El origen del liberalismo político, como han destacado autores como Tocqueville, Jaspers o Arendt, se encuentra en la antropología cristiana que universaliza   la conciencia del error y del horror (J.B. Vico), y comienza por desconfiar de sí mismo y del nosotros al que pertenecemos, con lo que evita el fácil y peligroso recurso al chivo expiatorio, al proyectar las culpas en los otros, especialmente hoy los pobres y los migrantes.

El liberalismo cultural, por el contrario, se apoya en la primacía de la autonomía sobre la dignidad y por tanto tiende a considerar lícito todo lo que es objeto de deseo. Hoy la doctrina queer es la mejor manifestación de este detritus, que acaba con la diferencia mujer y varón, y por tanto con las conquistas del feminismo clásico, como ha recordado muy bien Lydia Falcón, ya que reduce todo a deseo de los ‘dividuos’, es decir, de los individuos fragmentados y discontinuos. Confiemos en que la crisis actual nos impida olvidarnos de la vulnerabilidad como condición esencial de la vida humana y por tanto de la prioridad de la solidaridad.

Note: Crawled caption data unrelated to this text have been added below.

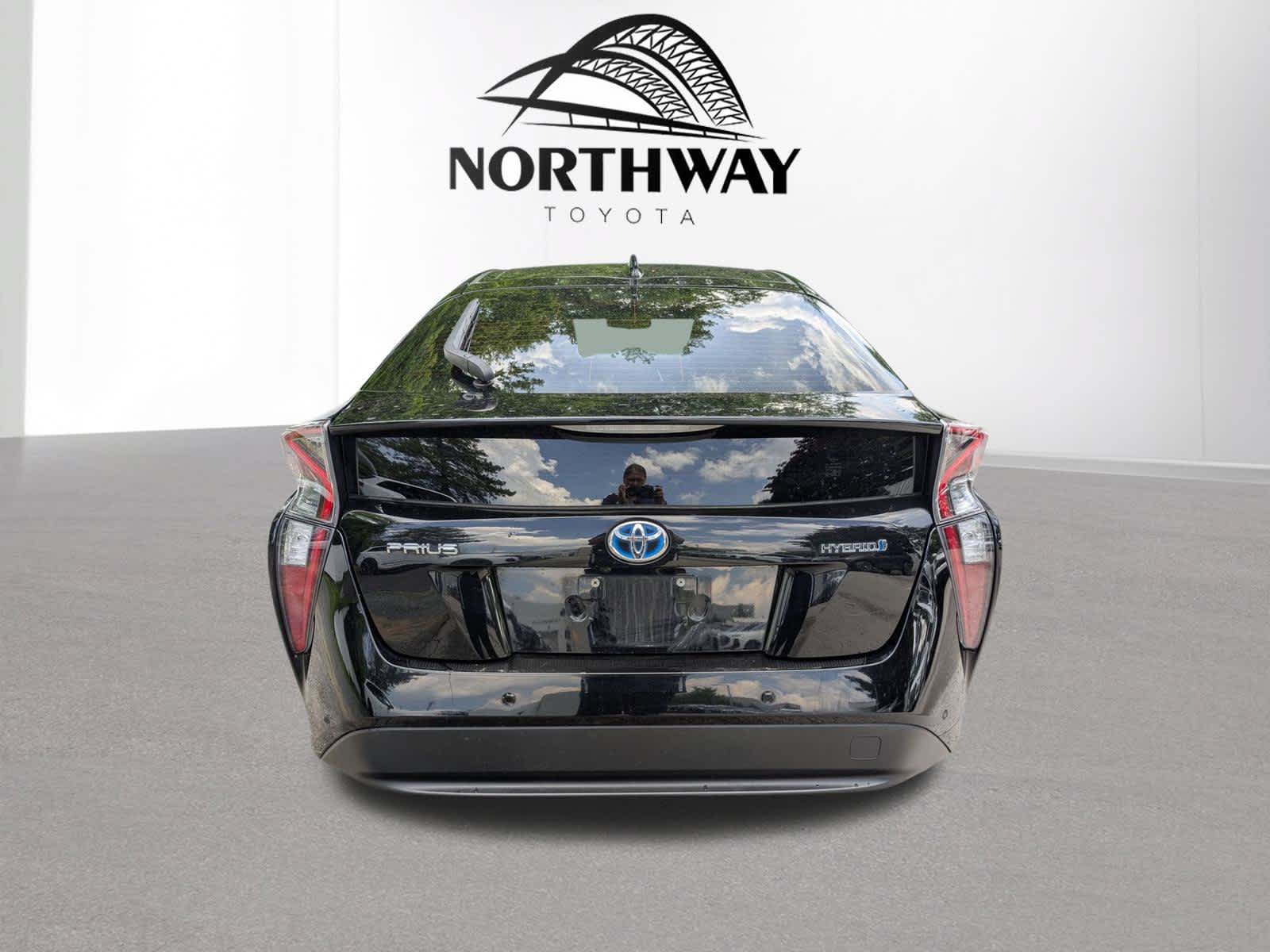 Used 2018 Toyota Prius Two w/ Prius Two Safety Plus Package FWD image 4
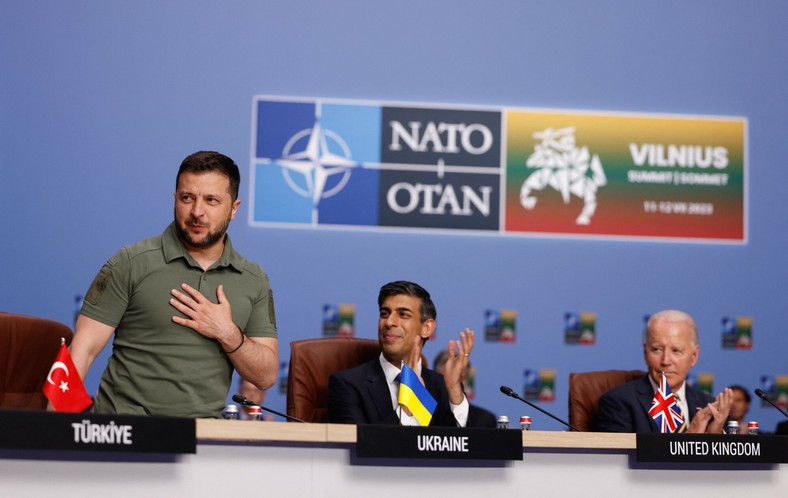 Volodymyr Zelensky next to Rishi Sunak and Joe Biden at the NATO summit in Vilnius 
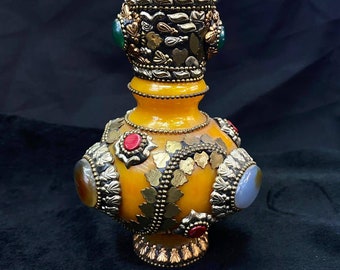 Cute Vintage Bottle Copal Tibetan With Natural Gemstone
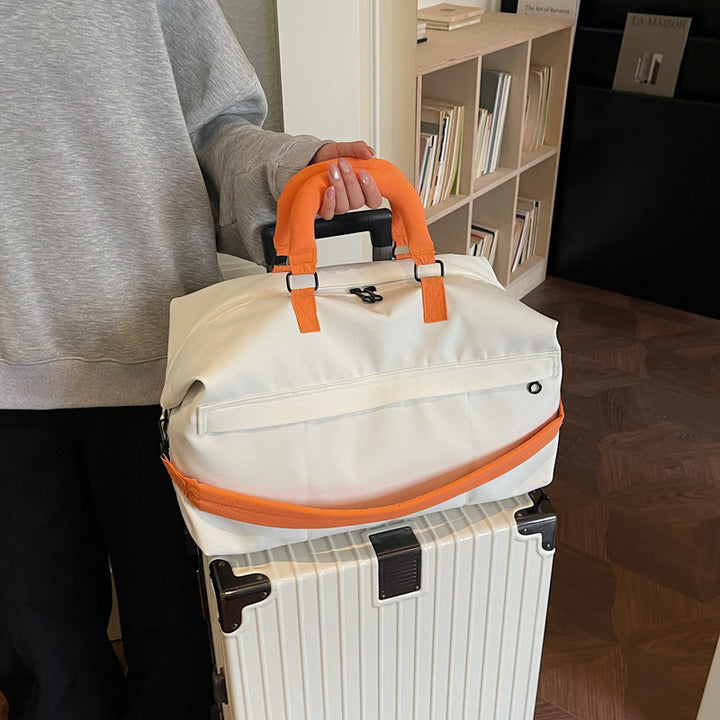 Sporty Travel Bag Made of Durable Material with Ergonomic Handles Bowlift
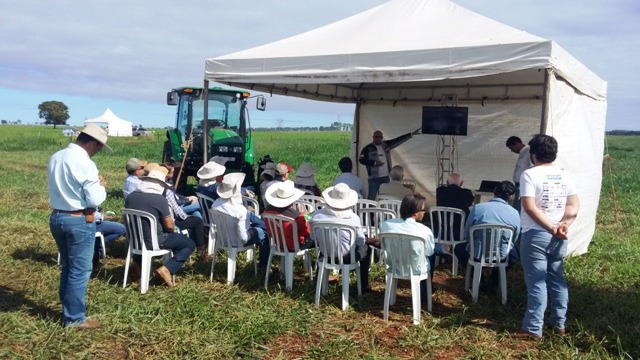 Dia de Campo da fazenda São Matheus levou informação em nove estações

El liberalismo económico es muy variado. Hay un liberalismo que responde a la economía de mercado y que trata de evitar toda dominación mediante el control del derecho. De ello serían ejemplo los ordoliberales al considerar necesarias para una economía de mercado virtudes como la lealtad, la sobriedad, la equidad o la solidaridad, que serían imposibles en una sociedad capitalista o comunista. Los ordoliberales erraban sin embargo en creer que debía corregirse solo el déficit y no el superavit, planteamiento que al ser defendido en estos momentos por Holanda o Alemania resulta nefasto para el futuro de la Unión Europea. En este punto resultan más lúcidos los análisis de los economistas igualmente liberales y no capitalistas como J.M. Keynes y F. Schumacher que propugnaban la corrección de déficit y superávit y que siendo más fácil corregir el segundo que el primero, los países con superávit debían ayudar a los países con déficit, comprando sus productos. Esta fórmula volvería sostenible la Unión Europea. Tanto el orodoliberalismo como el liberalismo de Keynes o Schumacher nada tiene que ver con el libertarismo claramente capitalista de Murrary Rothbard o Milton Friedmann, partidarios de la total desregulación de la economía y de las costumbres, y por ello favorables a la permisividad con lo que ellos llamaban “delitos sin víctimas” como la pornografía y la prostitución, lo que conduce a la indefensión de los más débiles.

Lo que deberíamos aprender de China en esta crisis es a valorar la primacía de la producción sobre la especulación, con el control de los capitales golondrina, pero en ningún caso la vigilancia permanente que niega los derechos humanos, especialmente la protección de la privacidad, que es el núcleo de la persona.